In this regime, hard problem classes only have easy solutions, think random k-SAT below the satisfiability threshold, where algorithms like FIX (Coja-Oghlan) approximate the decision problem in polynomial time. In random k-SAT, the "hardness" cannot emerge away from the phase transition and by analogy (watch my hand wave in the wind so free) I can imagine that they would not exist at small scales. Almost like the opposite of the overlap gap property.
Wolfram's implicit counter-claim seems to be that the density of irreducibility among small machines approximates the density in the infinite limit (...or something? Via his "Principle of Computational Equivalence"), but I'm not following that argument. I am sure someone has brought this up to him! I just don't understand his response. Is there some way of characterizing / capturing the complexity floor of a given problem (For an NP-hard Problem P the reduced space needs to be at least as big as S to, WHP, describe a few hard instances)?
The cynic is me says those interesting but ultimately barren long-form articles are just content marketing for Mathematica software.

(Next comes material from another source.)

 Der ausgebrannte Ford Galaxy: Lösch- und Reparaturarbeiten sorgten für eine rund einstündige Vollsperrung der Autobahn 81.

I think you have it wrong. Wolfram's claim is that for a wide array of small (s,k) (including s <= 4, k <= 3), there's complex behavior and a profusion of (provably?) Turing machine equivalent (TME) machines. At the end of the article, Wolfram talks about awarding a prize in 2007 for a proof that (s=2,k=3) was TME.

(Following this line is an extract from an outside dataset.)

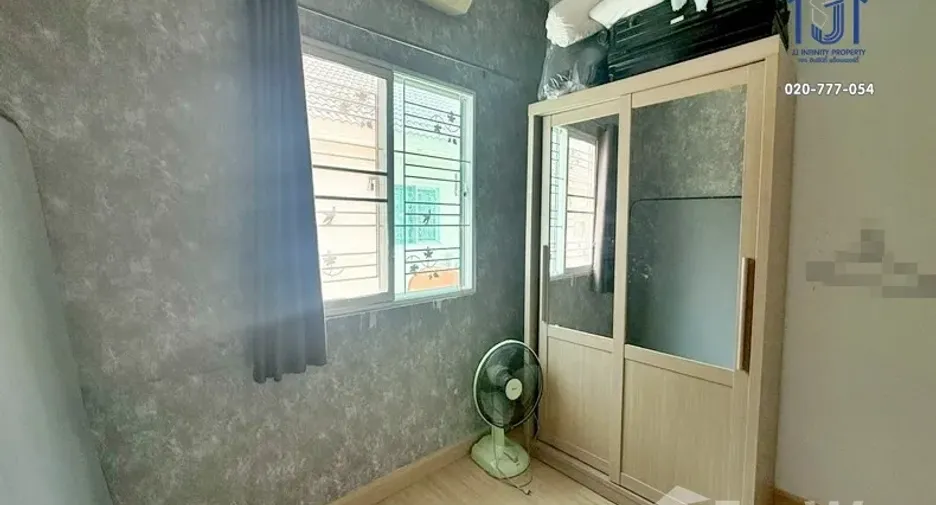 出售 3 卧室 联排别墅 在 Mueang Pathum Thani, Pathum Thani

The `s` stands for states and `k` for colors, without talking at all about tape length. One way to say "principle of computational equivalence" is that "if it looks complex, it probably is". That is, TME is the norm, rather than the exception.
If true, this probably means that you can make up for the clunky computation power of small (s,k) by conditioning large swathes of input tape to overcome the limitation. That is, you have unfettered access to the input tape and, with just a sprinkle of TME, you can eeke out computation by fiddling with the input tape to get the (s,k) machine to run how you want.

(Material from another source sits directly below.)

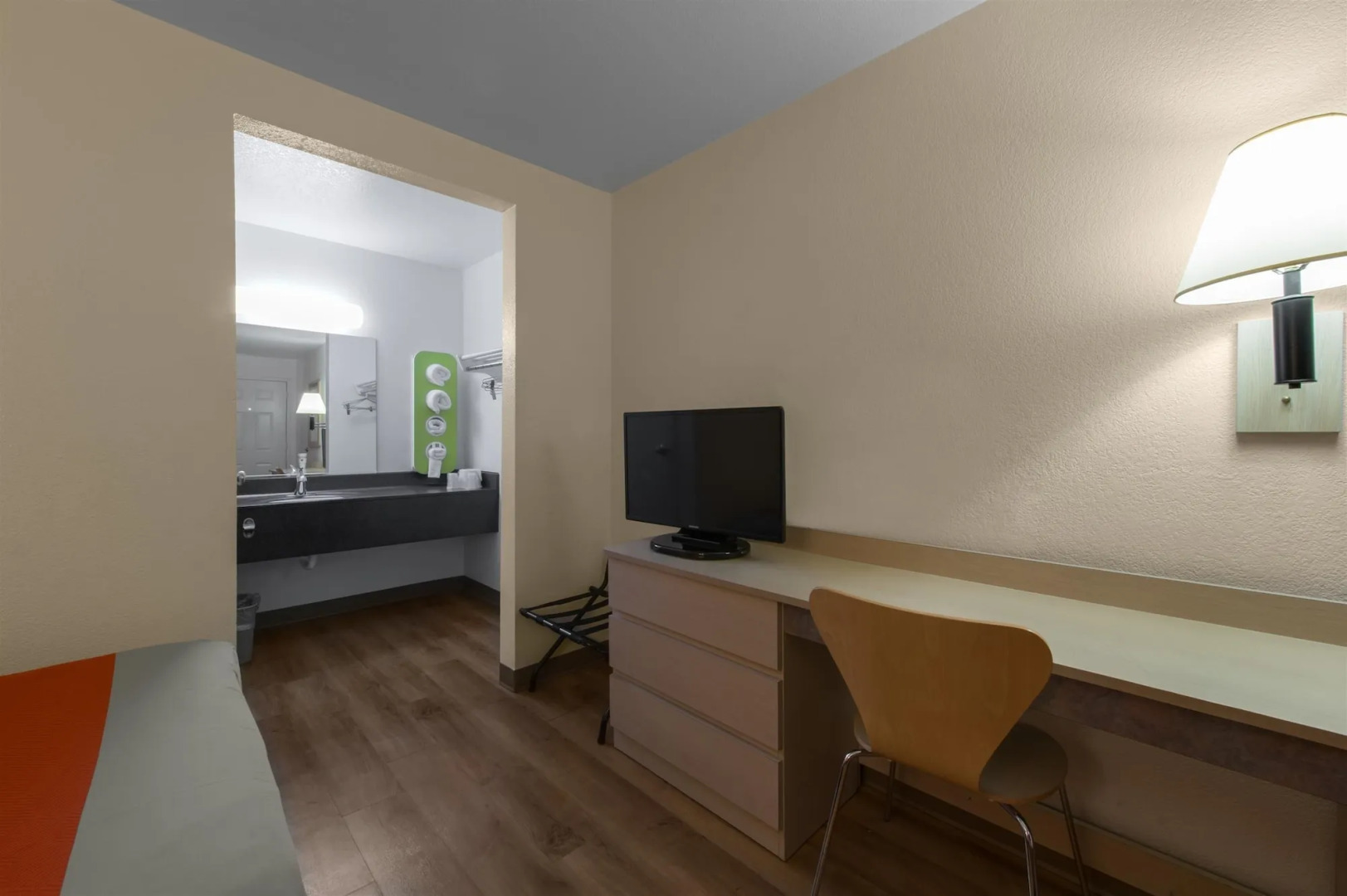 Super 8 by Wyndham Woods Cross/Salt Lake City North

So, if finite sized scaling effects were actually in effect, it would only work in Wolfram's favor. If there's a profusion of small TME (s,k), one would probably expect computation to only get easier as (s,k) increases.
I think you also have the random k-SAT business wrong. There's this idea that "complexity happens at the edge of chaos" and I think this is pretty much clearly wrong.
Random k-SAT is, from what I understand, effectively almost surely polynomial time solveable. Below the critical threshold, it's easy to determine in the negative if the instance is unsolvable (I'm not sure if DPLL works, but I think something does?). Above the threshold, when it's almost surely solveable, I think something as simple as walksat will work. Near, or even "at", the threshold, my understanding is that something like survey propagation effectively solves this [0].
k-SAT is a little clunky to work in, so you might take issue with my take on it being solveable but if you take something like Hamiltonian cycle on (Erdos-Renyi) random graphs, the Hamiltonian cycle has a phase transition, just like k-SAT (and a host of other NP-Complete problems) but does have a provably an almost sure polynomial time algorithm to determine Hamiltonicity, even at the critical threshold [1].
There's some recent work with trying to choose "random" k-SAT instances with different distributions, and I think that's more hopeful at being able to find difficult random instances, but I'm not sure there's actually been a lot of work in that area [2].
[0] https://arxiv.org/abs/cs/0212002
[1] https://www.math.cmu.edu/~af1p/Texfiles/AFFHCIRG.pdf
[2] https://arxiv.org/abs/1706.08431